How will you reveal your setting to the reader? You don’t have to give them everything, only the important things. Most people don’t pay attention to trappings that don’t affect them directly. And if you don’t show them everything, they’ll fill in the rest.
If you want to adopt a sort of omniscient view, you can describe the setting in general terms and then zoom in, as in a film. Or, and this is more fun, you can show your setting in the character’s point of view and reactions rather than tell the reader about it. Let the reader infer. Here’s an example–the opening to a story. See if you can guess where the person is:
Helen turned away from the clock and reclaimed her seat on the bench. The checkered tile floor at her feet wavered and blurred like bits of glass in a kaleidoscope, seen through a lens of tears. The inside of her nose prickled at the sharp odor drifting upward from its shiny surface.

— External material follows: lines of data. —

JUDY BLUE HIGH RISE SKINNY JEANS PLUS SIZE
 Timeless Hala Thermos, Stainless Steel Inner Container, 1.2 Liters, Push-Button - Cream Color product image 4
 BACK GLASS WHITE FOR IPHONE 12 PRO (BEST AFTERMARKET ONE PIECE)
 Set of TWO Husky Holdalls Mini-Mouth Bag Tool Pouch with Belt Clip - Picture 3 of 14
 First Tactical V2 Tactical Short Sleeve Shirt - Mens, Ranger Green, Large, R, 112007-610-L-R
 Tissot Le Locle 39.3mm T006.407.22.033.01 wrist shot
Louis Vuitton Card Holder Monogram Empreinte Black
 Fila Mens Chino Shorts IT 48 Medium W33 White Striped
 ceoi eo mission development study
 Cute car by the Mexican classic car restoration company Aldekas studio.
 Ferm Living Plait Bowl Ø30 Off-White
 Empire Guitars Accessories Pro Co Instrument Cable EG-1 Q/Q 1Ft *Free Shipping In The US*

Sounds jangled around her in a jumbled cacophony: rubber squeaking on the tile, a metallic clatter, voices strained in hushed anxiety, the blaring crackle of a loudspeaker high on the dingy yellow wall, the faint warble of a siren, and somewhere far off, a scream. Her knobbly fingers slid restlessly over the smooth wooden beads of her rosary and she wondered when the news would come, if the next shriek would be hers.
Did you guess yet? You should be able to tell what Helen is doing and where she is though I never actually say, if I’m any kind of writer at all. (Shhh; let me maintain my delusion at least through the rest of this post!)
Helen’s reactions and the details of her surroundings will clue your reader in. Make certain that the details of your setting have a purpose.
Dingy yellow wall; anxious voices; a scream. This is not a pleasant place, nor is it one where Helen wants to be.
Objects in the room the characters will use
Helen’s rosary; a bench; the tile on which she may collapse if the news isn’t good.
Objects or furnishings that reveal character (what kind of person makes use of this space?)
A siren; a loudspeaker; the bench; a stinky but clean floor; rubber-soled shoes that squeak on it.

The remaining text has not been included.